A recent Morning Consult poll found Cruz’s approval rating among Texas Republicans dipped from 81 percent to 76 percent following the siege on the Capitol. Cruz and Sen. Josh Hawley (R-Mo.) led the effort to challenge the Electoral College vote count, which was interrupted by a pro-Trump mob.

While Cruz’s approval rating is higher than Sen. John Cornyn’s (R-Texas), Cornyn coasted to reelection in 2020. By contrast, Cruz only barely defeated former Rep. Beto O’Rourke (D-Texas) in 2018 by 2.6 point in a state that has not elected a Democrat to statewide office in more than 20 years.

George Seay, a Dallas-based GOP donor and conservative political leader, said Cruz “doesn’t have the same strength in Texas as he used to.”

That could come back to haunt Cruz in 2024, whether he’s running for the Senate or the White House.

“He’s made an uncanny number of miscalculations recently that seem to be based on his desire for political advancement,” Seay said.

“His choices surrounding Jan. 6 were a politically expedient effort to reach out to the Trump legions and it exploded in his face. And what about doing the right thing and being on the ground here to help people in dire straits because you’re a public servant?” Seay added. “If he tries to run for Senate again in 2024, I wouldn’t be surprised if he pulls a primary challenger and a robust challenger in the general election.”

Seay and other Republicans were also eager to point out that Cruz is not responsible for the crisis, which falls on state leaders and a power grid that is not weatherized to deal with rare winter storm events and isolated from larger power grids.

They also say there are plenty of allegations of hypocrisy to go around. Austin’s Democratic mayor Steve Adler, for instance, became embroiled in controversy for urging people to stay home because of COVID-19 in a video he recorded from Cabo.
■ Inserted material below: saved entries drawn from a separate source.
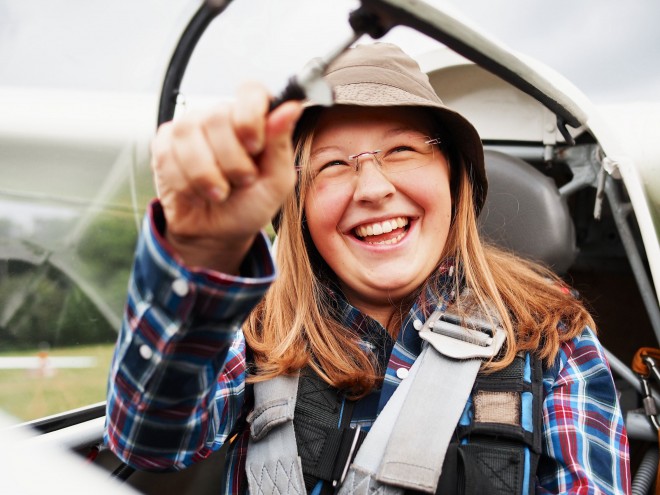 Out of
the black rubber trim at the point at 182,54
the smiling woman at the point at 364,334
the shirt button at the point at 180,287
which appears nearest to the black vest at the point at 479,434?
the smiling woman at the point at 364,334

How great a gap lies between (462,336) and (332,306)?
33cm

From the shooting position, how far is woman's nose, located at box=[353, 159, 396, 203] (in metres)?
1.18

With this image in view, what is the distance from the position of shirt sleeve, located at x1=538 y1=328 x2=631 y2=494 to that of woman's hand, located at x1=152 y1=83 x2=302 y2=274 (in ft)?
2.27

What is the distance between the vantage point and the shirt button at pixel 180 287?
706 mm

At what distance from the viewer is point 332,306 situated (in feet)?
4.48

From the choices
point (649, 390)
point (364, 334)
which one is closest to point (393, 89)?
point (364, 334)

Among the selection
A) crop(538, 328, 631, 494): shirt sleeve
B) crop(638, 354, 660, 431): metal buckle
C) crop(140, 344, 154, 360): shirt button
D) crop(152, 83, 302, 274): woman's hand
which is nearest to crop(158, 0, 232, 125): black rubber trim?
crop(152, 83, 302, 274): woman's hand

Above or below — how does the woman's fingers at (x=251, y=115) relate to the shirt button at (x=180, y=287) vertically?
above

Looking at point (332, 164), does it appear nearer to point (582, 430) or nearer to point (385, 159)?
point (385, 159)

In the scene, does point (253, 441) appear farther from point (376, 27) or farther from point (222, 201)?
point (376, 27)

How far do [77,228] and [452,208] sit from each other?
89 cm

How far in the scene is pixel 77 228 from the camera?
4.60 ft

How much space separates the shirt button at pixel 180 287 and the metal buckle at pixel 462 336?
0.59 m

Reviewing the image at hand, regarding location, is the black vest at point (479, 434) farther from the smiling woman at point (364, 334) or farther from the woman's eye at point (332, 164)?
the woman's eye at point (332, 164) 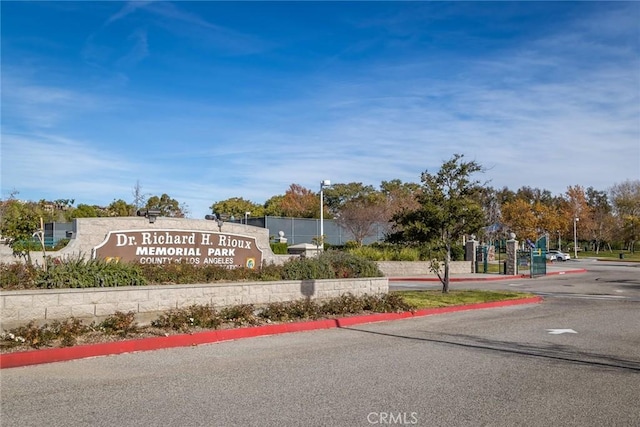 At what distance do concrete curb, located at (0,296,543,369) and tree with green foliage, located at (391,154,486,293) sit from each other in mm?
3894

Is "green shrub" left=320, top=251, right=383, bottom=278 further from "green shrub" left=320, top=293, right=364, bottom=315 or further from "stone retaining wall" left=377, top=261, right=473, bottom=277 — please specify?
"stone retaining wall" left=377, top=261, right=473, bottom=277

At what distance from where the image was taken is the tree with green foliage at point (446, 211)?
18266 millimetres

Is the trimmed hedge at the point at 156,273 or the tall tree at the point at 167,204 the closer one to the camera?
the trimmed hedge at the point at 156,273

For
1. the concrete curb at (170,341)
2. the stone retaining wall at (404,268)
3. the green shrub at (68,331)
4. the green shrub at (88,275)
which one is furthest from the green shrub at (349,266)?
the stone retaining wall at (404,268)

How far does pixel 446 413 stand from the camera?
251 inches

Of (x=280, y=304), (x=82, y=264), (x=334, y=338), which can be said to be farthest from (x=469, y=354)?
(x=82, y=264)

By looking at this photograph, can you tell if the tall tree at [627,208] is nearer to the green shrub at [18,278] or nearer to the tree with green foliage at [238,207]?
the tree with green foliage at [238,207]

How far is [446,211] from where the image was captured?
60.0ft

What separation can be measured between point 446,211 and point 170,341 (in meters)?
10.7

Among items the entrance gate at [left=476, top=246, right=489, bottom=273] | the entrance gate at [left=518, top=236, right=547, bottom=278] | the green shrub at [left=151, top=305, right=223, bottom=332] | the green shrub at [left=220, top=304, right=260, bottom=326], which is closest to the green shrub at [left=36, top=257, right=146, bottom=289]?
the green shrub at [left=151, top=305, right=223, bottom=332]

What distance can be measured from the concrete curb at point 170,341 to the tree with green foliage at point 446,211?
3894 mm

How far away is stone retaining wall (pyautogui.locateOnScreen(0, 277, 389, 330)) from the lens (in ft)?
35.1

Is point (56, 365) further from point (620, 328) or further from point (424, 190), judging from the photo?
point (424, 190)

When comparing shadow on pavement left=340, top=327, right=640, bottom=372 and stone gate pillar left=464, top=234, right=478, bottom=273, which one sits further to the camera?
stone gate pillar left=464, top=234, right=478, bottom=273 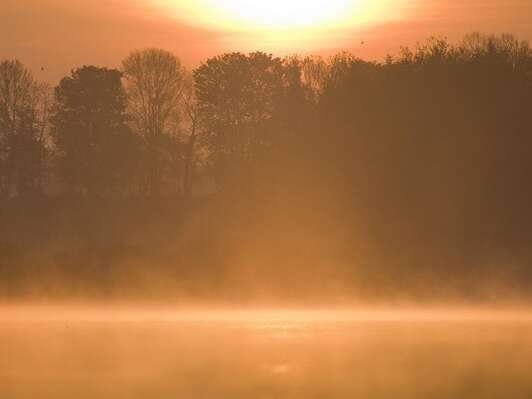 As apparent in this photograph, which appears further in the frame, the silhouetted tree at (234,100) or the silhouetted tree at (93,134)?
the silhouetted tree at (93,134)

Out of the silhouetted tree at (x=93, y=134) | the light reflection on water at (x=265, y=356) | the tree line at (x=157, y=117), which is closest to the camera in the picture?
the light reflection on water at (x=265, y=356)

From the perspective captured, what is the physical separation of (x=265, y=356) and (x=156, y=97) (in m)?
57.0

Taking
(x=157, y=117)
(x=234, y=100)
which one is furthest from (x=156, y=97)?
(x=234, y=100)

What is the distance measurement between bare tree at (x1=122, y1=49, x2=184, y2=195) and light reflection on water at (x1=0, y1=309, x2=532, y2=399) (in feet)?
150

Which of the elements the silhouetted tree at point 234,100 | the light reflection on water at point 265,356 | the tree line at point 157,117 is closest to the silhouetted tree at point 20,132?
the tree line at point 157,117

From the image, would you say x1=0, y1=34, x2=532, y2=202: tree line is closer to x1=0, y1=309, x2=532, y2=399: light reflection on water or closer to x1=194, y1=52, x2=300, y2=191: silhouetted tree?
x1=194, y1=52, x2=300, y2=191: silhouetted tree

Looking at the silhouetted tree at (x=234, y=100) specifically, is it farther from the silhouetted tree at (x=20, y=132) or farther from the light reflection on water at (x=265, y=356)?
the light reflection on water at (x=265, y=356)

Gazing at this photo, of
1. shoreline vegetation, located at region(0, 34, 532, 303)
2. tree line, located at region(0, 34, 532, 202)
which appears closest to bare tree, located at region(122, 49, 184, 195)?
tree line, located at region(0, 34, 532, 202)

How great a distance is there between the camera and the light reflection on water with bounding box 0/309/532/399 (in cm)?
2330

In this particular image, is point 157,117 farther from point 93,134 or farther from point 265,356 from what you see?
point 265,356

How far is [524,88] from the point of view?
5391 cm

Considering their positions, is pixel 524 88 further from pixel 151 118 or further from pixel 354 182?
pixel 151 118

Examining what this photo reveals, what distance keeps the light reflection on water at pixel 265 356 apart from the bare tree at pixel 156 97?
45.7 m

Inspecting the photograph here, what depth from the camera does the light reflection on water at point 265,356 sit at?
23297 millimetres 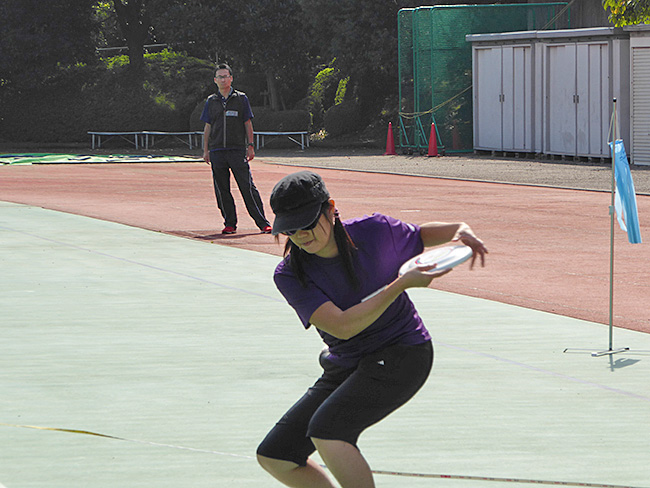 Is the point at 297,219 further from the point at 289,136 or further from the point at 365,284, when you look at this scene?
the point at 289,136

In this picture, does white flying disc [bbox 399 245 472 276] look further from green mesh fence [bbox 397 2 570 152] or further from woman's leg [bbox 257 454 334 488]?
green mesh fence [bbox 397 2 570 152]

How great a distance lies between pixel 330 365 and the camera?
3.93 m

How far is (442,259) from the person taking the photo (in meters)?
3.57

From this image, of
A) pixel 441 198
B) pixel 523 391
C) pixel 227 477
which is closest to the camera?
pixel 227 477

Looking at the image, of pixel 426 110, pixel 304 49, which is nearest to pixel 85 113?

But Cruz’s blunder was magnified by his past remarks hammering Adler as a hypocrite and criticizing blue states, such as California, for their infrastructure problems.

In one recent tweet, Cruz said he had “no defense” for criticizing California’s energy policies now that Texas’s electric grid has failed in such spectacular fashion.

After hours of silence Thursday as the controversy exploded around him, Cruz finally released a statement confirming that he had gone to Cancun with his wife and daughters for a vacation after school was canceled for the week and they were left without power at their Houston-area home.

Cruz flew out Wednesday and returned Thursday, though it was unclear whether he had intended to stay longer and only came back because of the fallout.

“My staff and I are in constant communication with state and local leaders to get to the bottom of what happened in Texas,” Cruz said. “We want our power back, our water on, and our homes warm. My team and I will continue using all our resources to keep Texans informed and safe.”

The trip came at a perilous moment for many Texans, millions of whom have been without power or water for days, suffering through single-digit temperatures and the worsening power and water crises. Many grocery stores are closed and those that are open have long lines.

At the same time, there is very little information coming from state leaders about when those services will be restored.

Dozens of deaths have been attributed to the unusually strong winter storm that has lashed the state, freezing electrical grid equipment in a state otherwise known for its abundance of energy resources.

Texas Democrats called on Cruz to resign and to be expelled by the Senate, saying his efforts to question the Electoral College vote and his foreign trip during a crisis demands accountability.

“The Texas Democratic Party calls on Ted Cruz to resign or be expelled from office,” said Texas Democratic Party Chairman Gilberto Hinojosa. “Barring that, we will put all of the resources we have into defeating him and every Texas Republican who abandoned us in this disaster, including Governor [Greg] Abbott and Lieutenant Governor [Dan] Patrick, in 2022 and 2024. We are in a battle for the soul of our state. We must restore ethics, competence, and a government that works for the people.”

The episode drove headlines across the country and national Democrats piled on.

“I don’t have any updates on the exact location of Sen. Ted Cruz, nor does anyone at the White House,” said White House press secretary Jen Psaki.